Jacques Cuvillier

Trop de spectateurs pour « Outreau, l'Autre Vérité » ?

06 OCTOBRE 2013 

Quelle que soit votre station de radio habituelle, quelle que soit votre chaîne de télé préférée, vous n'avez pas pu louper entre la mi-février et la fin mars 2013, les commentaires acerbes -  mais sans fondement  - de l'avocat Eric Dupond-Moretti sur le film qui lui fait si peur «  Outreau, l'Autre Vérité  » réalisé par Serge Garde et produit par Bernard de la Villardière sur la mystification de l'affaire d'Outreau.

Cela n'a pas découragé le public, bien au contraire. On ne peut pas dire pourtant que la presse moutonnière l'ait encouragé. On peut regretter qu'elle ait cantonné ses propos dans le registre du dénigrement et de la réserve, comme si tout ce qui devait remettre en cause l'histoire de l'affaire d'Outreau telle qu'elle est encore souvent décrite devait nécessairement être vu comme une transgression qui mérite censure. Le fait est qu'aucune chaîne de télévision n'a encore osé produire le documentaire. Malgré l'accueil glacial qui lui a été réservé par la presse à sa sortie, ce film qualifié de « révisionniste » a fait salle comble de nombreuses fois, que ce soit à Paris à Lille, à Lyon....

A regarder les appréciations telles qu'elles apparaissent sur le site de allociné, et les écarts curieux qui distinguent les appréciations des spectateurs de ceux de la presse, on peut avoir idée du parti-pris des grands quotidiens.

scores

Ainsi donc, le public a apprécié le film à sa juste valeur dès le départ. La salle était pleine à Boulogne sur mer, le 8 février, pour une avant-première en présence de Serge Garde et Bernard de la Villardière, et le 5 mars à Saint-Omer.

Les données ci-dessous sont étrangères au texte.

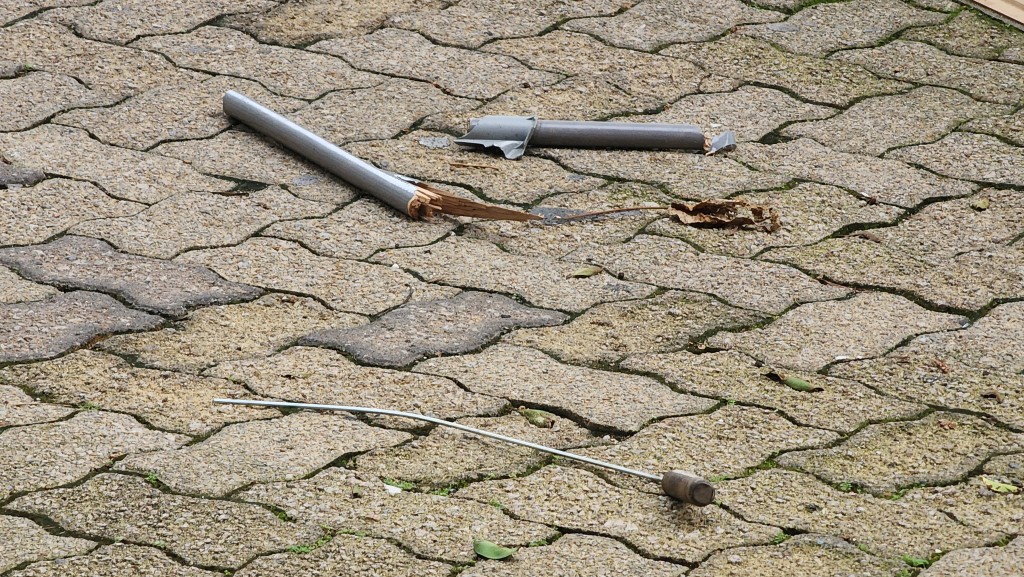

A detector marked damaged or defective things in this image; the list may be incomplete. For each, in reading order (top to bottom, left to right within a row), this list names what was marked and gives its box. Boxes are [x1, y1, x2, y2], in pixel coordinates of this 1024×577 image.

broken metal pipe [223, 90, 536, 220]
splintered wooden stick [223, 91, 540, 222]
broken metal pipe [456, 115, 736, 160]
broken metal pipe [213, 396, 716, 504]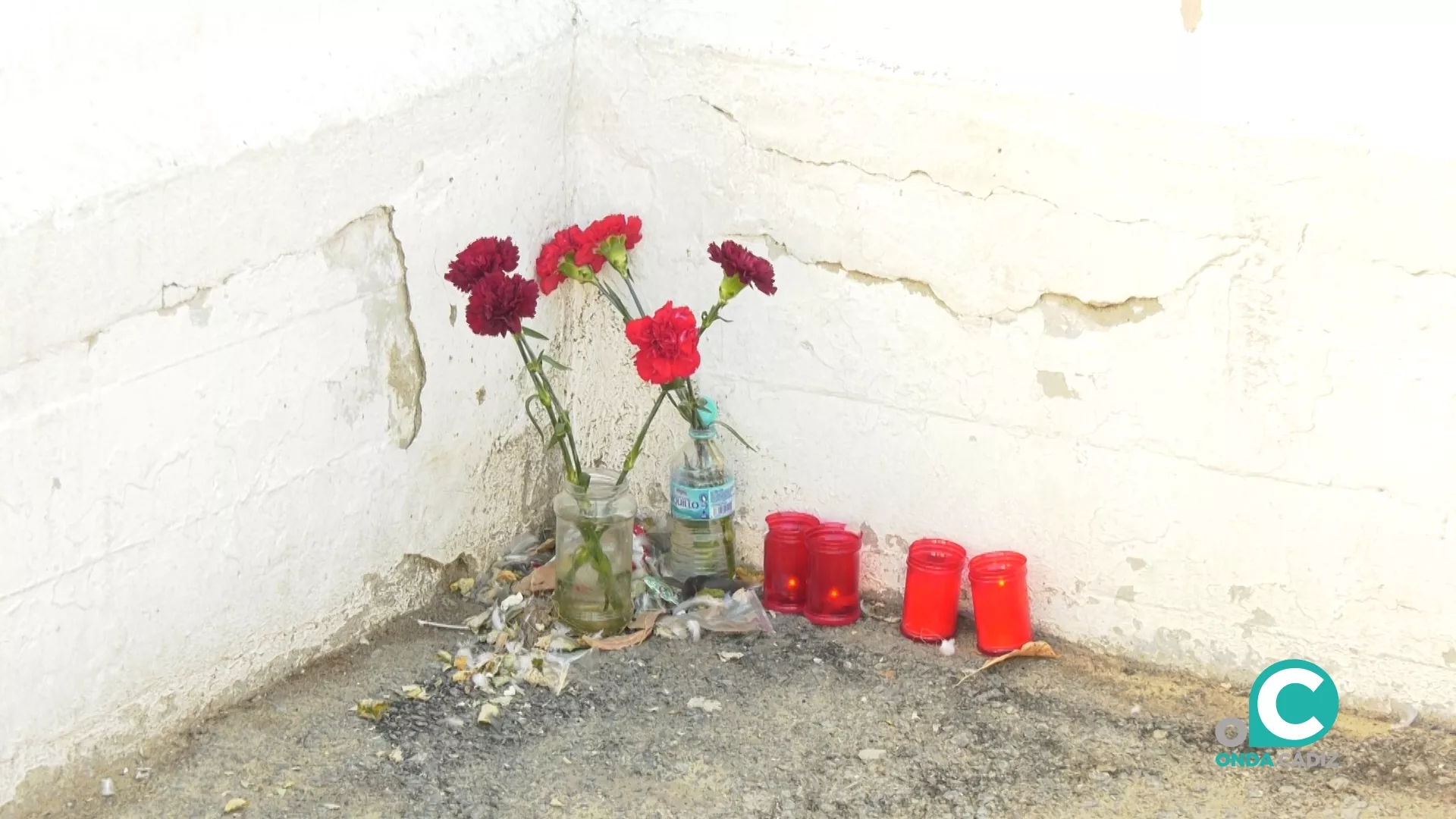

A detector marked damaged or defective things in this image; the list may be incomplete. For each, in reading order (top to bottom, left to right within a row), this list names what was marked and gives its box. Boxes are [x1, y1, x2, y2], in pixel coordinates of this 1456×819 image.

cracked wall [1, 2, 579, 807]
cracked wall [573, 0, 1456, 716]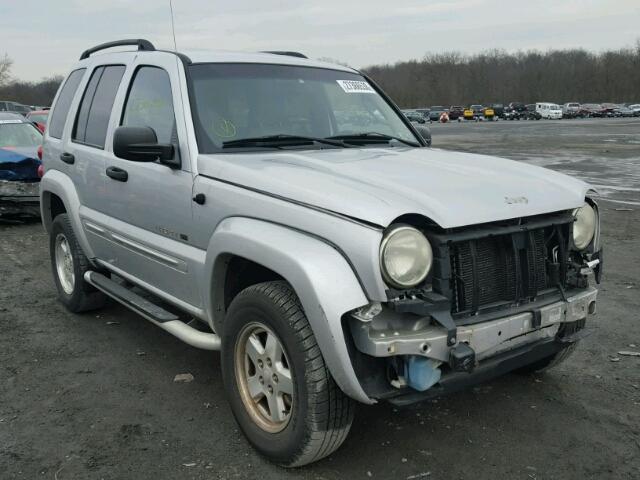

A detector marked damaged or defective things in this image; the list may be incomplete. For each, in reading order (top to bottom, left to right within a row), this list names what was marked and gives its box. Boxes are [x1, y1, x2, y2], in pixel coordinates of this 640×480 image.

damaged front end [344, 206, 600, 404]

Le 27 février à la Maison du Barreau rue de Harlay, Paris 1er, le débat a démarré très fort lors d' une avant-première très animée . Le 28 février, lors d'une autre avant-première à Lille, grosse surprise : salle comble, puis surnombre à tel point qu'une seconde salle a dû être ouverte en catastrophe pour pouvoir accueillir le public qui s'était présenté et tous n'ont pas pu accéder

Nouvelle surprise à l'ouverture de la projection du film le 30 septembre au cinéma  Majestic  de Lille. La salle prévue ne suffisant pas, et bien qu'une seconde salle ait dû être ouverte, de nombreuses personnes n'ont pu rentrer, elles devront attendre une nouvelle occasion de voir le film et d'en débattre. Cela ne saurait tarder. 

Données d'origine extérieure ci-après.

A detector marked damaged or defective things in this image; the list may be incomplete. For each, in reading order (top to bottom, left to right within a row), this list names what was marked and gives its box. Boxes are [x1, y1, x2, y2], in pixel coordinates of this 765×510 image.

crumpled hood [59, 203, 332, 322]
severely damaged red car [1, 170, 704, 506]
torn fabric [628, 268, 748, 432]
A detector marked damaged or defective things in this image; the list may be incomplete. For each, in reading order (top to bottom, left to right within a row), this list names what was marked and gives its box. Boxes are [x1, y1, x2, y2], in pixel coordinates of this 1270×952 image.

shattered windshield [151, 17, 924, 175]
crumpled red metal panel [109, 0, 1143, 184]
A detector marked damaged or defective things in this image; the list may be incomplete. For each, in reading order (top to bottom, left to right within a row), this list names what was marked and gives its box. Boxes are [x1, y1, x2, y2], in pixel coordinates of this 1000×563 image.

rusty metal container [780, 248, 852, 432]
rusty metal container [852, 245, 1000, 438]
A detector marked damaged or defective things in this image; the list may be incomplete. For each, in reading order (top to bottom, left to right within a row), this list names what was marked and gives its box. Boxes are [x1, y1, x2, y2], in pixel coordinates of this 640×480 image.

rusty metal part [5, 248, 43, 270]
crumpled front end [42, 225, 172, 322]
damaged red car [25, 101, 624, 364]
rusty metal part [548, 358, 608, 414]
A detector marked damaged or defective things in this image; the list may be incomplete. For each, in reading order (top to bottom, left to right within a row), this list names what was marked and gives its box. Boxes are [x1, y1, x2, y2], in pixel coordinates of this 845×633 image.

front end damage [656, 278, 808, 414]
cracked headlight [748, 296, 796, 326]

Les organisateurs - l'association ENFANCE MAJUSCULE et  La Borie  – ont été surpris par cette affluence à laquelle ils ne s'attendaient pas. Parmi leurs invités, de nombreux professionnels avaient répondu présent : magistrats, avocats, travailleurs sociaux, chefs de service du Conseil Général, psychiatres, psychologues, universitaires... Ceux qui ne pouvaient entrer donnaient leurs arguments : "c'est mon travail, je suis documentariste... je suis en contact avec les enfants victimes, je donne des cours sur ce sujet... j' ai toujours pensé qu'on ne nous avait pas dit la vérité etc...." Une impérieuse envie de participer aux débats. Comment ne pas se féliciter de l'intérêt pour la vérité de toutes ces personnes qui veulent savoir le vrai sur une histoire dont les côtés extravagants et suspects ne les ont jamais convaincus totalement ?

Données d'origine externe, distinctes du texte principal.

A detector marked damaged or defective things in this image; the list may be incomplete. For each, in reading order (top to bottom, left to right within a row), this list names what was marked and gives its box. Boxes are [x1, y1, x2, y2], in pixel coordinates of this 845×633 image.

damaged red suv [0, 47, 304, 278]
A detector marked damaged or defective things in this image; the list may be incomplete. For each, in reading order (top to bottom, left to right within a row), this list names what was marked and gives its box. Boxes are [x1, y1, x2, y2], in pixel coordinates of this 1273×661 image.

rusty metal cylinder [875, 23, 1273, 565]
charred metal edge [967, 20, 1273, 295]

On pouvait vraiment regretter que tous les spectateurs n'aient pu prendre place dans la salle principale pour assister aux échanges qualifiés de très informatifs du fait de la qualité des personnes qui étaient présentes au procès d'Outreau : Maître Pouille-Deldicque, avocate, Pierre et Eva Borgus, présidents de l'association Enfance Majuscule Lille, et Marie-Christine Gryson-Dejehansart, auteure du livre «  Outreau, la Vérité abusée, 12 enfants reconnus victimes 1  », le premier livre à dénoncer - arguments à l'appui - les graves mystifications qui ont masqué la réalité des procès.

Homayra Sellier, présidente de l'ONG internationale «  Innocence en Danger  », Anne-Marie Clément, présidente de la Fédération «  Enfance Majuscule  », Agnès Bachelet, fondatrice de l'Association   La Borie prenaient aussi part aux débats que Maître Pouille et Marie-Christine Gryson-Dejehansart ont su mener sans dérapages. Une part des propos a porté sur le recueil de la parole de l'enfant pour préciser qu'en fait il a été mené de façon très professionnelle au moment de l'instruction mais a posé problème au moment de leur interrogatoire durant les procès d'assises, face  à l'agressivité des 17 avocats de la défense et devant leurs présumés agresseurs installés dans la salle d'audience comme spectateurs de leur procès.

Finalement, le public qui prend conscience de l'ampleur de l'enfumage qu'il a subi à propos de l'affaire d'Outreau cherche aujourd'hui à comprendre. L'ardeur d'Eric Dupond-Moretti à tout faire pour contrecarrer toute information qui remettrait en cause les idées reçues devrait inciter encore davantage à une saine curiosité. Le public a désormais ce qu'il faut à sa disposition.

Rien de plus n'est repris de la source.